ゲーム誌の片隅で展開された戦慄の未来 『ゲーム・キッズ』シリーズ

ゲーム雑誌というのは面白いもので、初期はただの攻略本の一形態からスタートしたはずが、気が付いたら周辺の先進カルチャーまで手広く扱うようになっていた。
今でこそ純粋な情報誌になった感があるけれど、多分、20世紀終わりごろまではそうした気風のようなものは根付いていて、主要読者である子供にとっては、そうしたハイテク世界に触れる入口の一つになっていた側面があると思う。

渡辺浩弐氏の『ゲーム・キッズ』シリーズも、そうしたゲーム雑誌の一側面を代表する記事の一つだ。
もっとも、このシリーズが特徴的なのは、この手の雑誌でのハイテク記事の傾向に思い切り背を向けたことにあるのだけれど。
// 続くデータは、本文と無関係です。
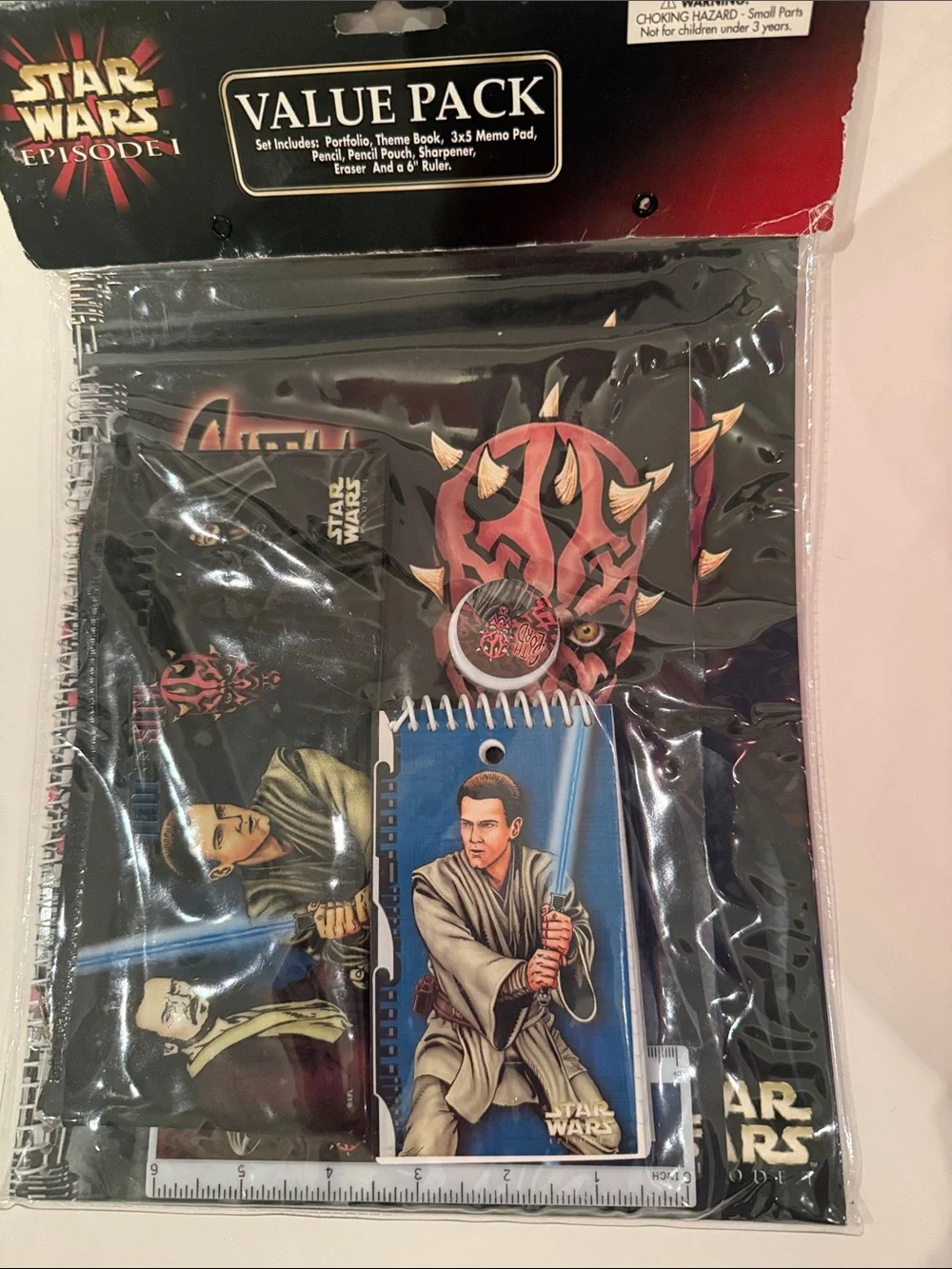 Star Wars Episode 1 School Supplies Notebook Pencil Case Darth Maul Value Pack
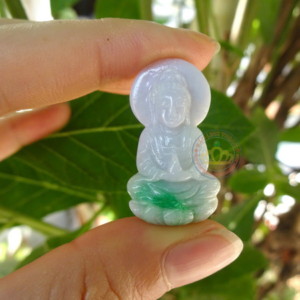Mặt dây chuyền hình Phật Bà Quan Âm ( Ngọc Jadeite A)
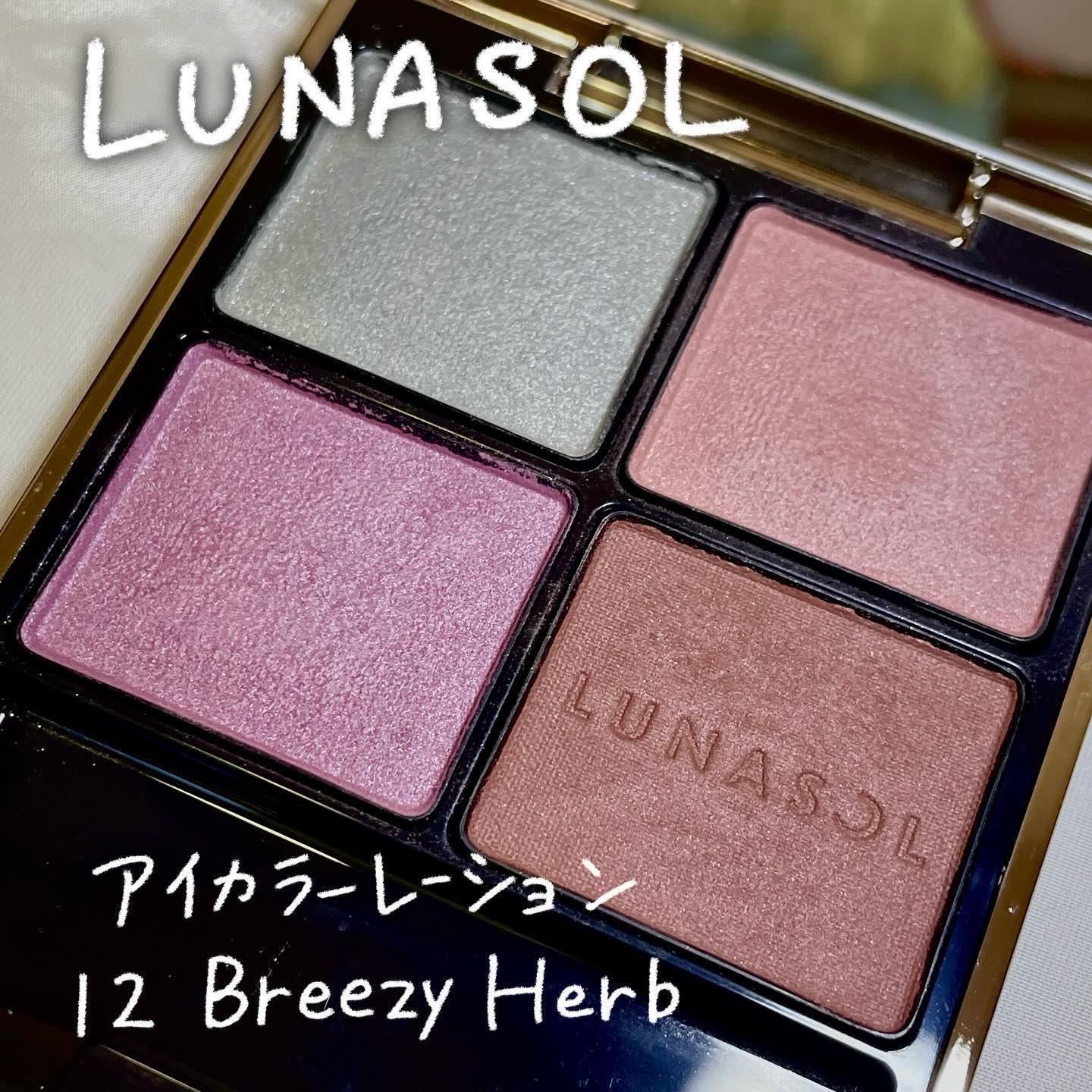 アイカラーレーション/LUNASOL/アイシャドウパレットを使ったクチコミ（1枚目）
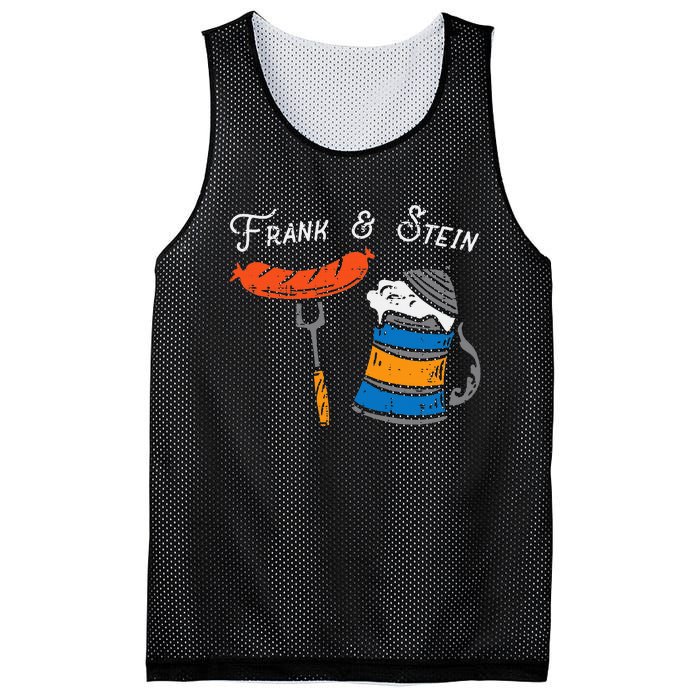 Frank And Stein Funny German Bavarian Oktoberfest Mesh Reversible Basketball Jersey Tank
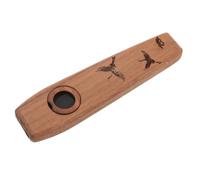 HONITANO Kazoo de Madera para Adultos y Profesionales Instrumento Musical de Boca Sonido Robusto y Fácil Producción de Tonos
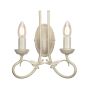 Elstead Lighting OLIVIA OV2-IVORY-GOLD Nástěnná lampa 2x60W/E14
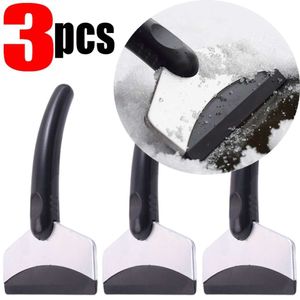 New Car Stainless Steel Snow Shovel Multifunctional Ice Shovel Water Scraper Winter Outdoor Car Cleaning Tool Anti-slip and De-icing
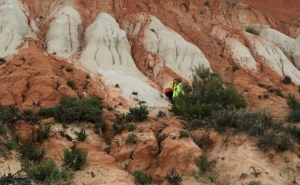 Polícia Marítima e Bombeiros evacuam vítima de queda em falésia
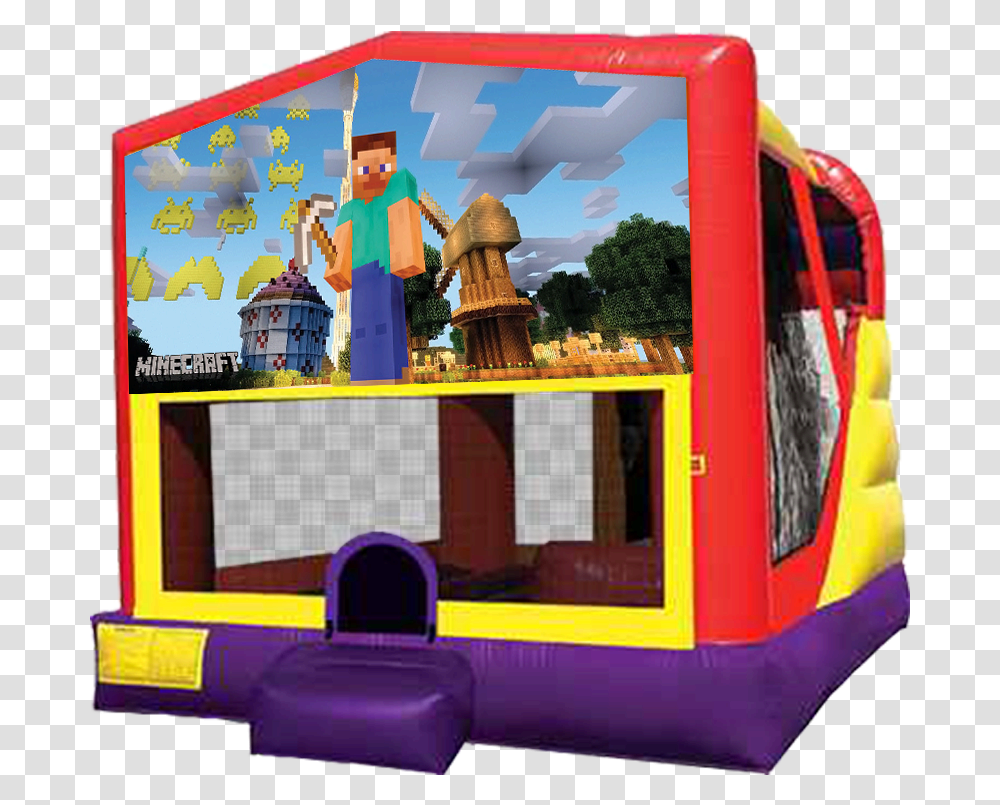 Xl Minecraft Combo 4 In 1 Inflatable Combo Transparent Png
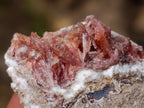 Natural Super Rare Orange Red Inesite Crystalline Specimen x 1 From Wessels Mine, South Africa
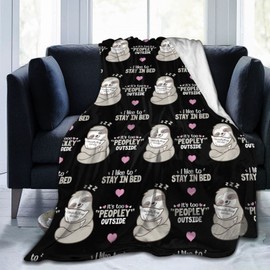 Custommixall Sloth Blanket Fleece Throw Blanket for Lazy Sloth Gifts for Women Men Girls Boys All Seasons Super Soft Cozy Plush Throws Blanket for Couch Sofa Bed Office 40"x50"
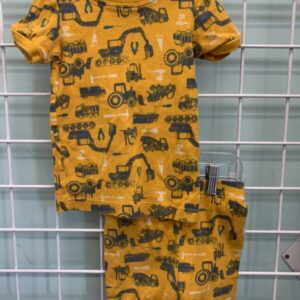 Size 4T - Yellow Construction PJ Set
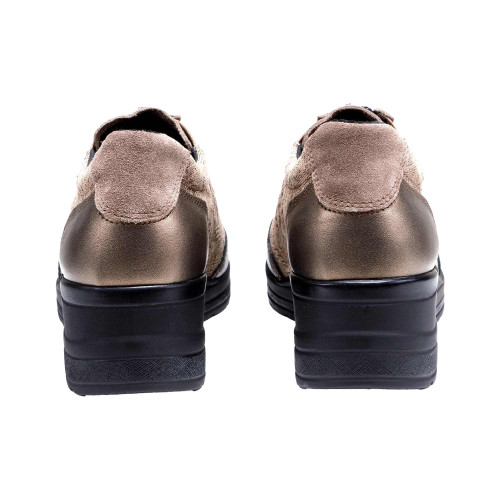 Chaussures zippées bronze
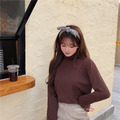 顯瘦高領純色保暖上衣 多色F_8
『ゲーム・キッズ』シリーズは、『ファミ通』に毎回1ページをとって連載されていた一話完結式のショート・ショート作品だ。
毎回、先進技術をひとつテーマとして定め、主にその技術が活用されるようになった世界を舞台としたSFストーリーが展開される。

1ページというスペースからわかるように、各話は短いけれど、情報の密度はものすごい。
文字数は取ろうと思っても取れない反面、未知の技術の概要を読者に的確に伝えた上でストーリーをオチまでつけて紡がなければならない。
その制約から、文章は簡潔かつドライ。その分、余計な描写は一切なく、切れ味もわかりやすさも超一流と言っていい。
読む時の感覚だけでいえば、星新一氏のそれに近いといえばわかりやすいかもしれない。
起承転結がはっきりした、ショートショートのお手本というべき構造を守っているだけになおさらだ。

ただ、星新一氏と大きく違うのは、本シリーズの徹底したダークさ。
シニカルさを効かせた皮肉なオチという点では変わらないものの、本作のそれは、星新一氏と違って欠片ほどのユーモアも感じさせない。
あるのは、先進技術がもたらしうる、真っ黒かつ薄気味の悪い未来像ばかり。
本作は、先進技術の暗黒面ばかりをひたすらフォーカスした、不吉な物語群なのだ。

SFとはいっても、本作ではいかにもな宇宙世界などを題材にしたエピソードは意外なほど少ない。
後期にはそうした長編などもシリーズとして出しているけれど、基本的には「先進技術が実用化された時代の日常」を舞台とした、地に足がついた設定が多い。
出てくる登場人物たちにしても、あまり現代との差異は感じさせないから、未来というよりはどちらかというとifの世界といった方が正しいだろう。
だから、読んでいてもあまりSF小説という感覚は感じさせない。

ただ、本シリーズのブラックさは、だからこそのものともいえる。
本シリーズは、言ってみれば「ハイテクの間違った使い方カタログ」といったものだ。
これが、読者と重なりようがないようなあからさまな未来世界だったら、あくまでも空想として読める。
けれど、本シリーズで描かれるのは、日常の恋愛だったり、夫婦生活だったり、娯楽だったりといった卑近な題材。
そこに先進技術が妙な具合に活かされた場合、どうなってしまうのかというレベルのものなのだ。だからこそ、どうしようもなく生々しい。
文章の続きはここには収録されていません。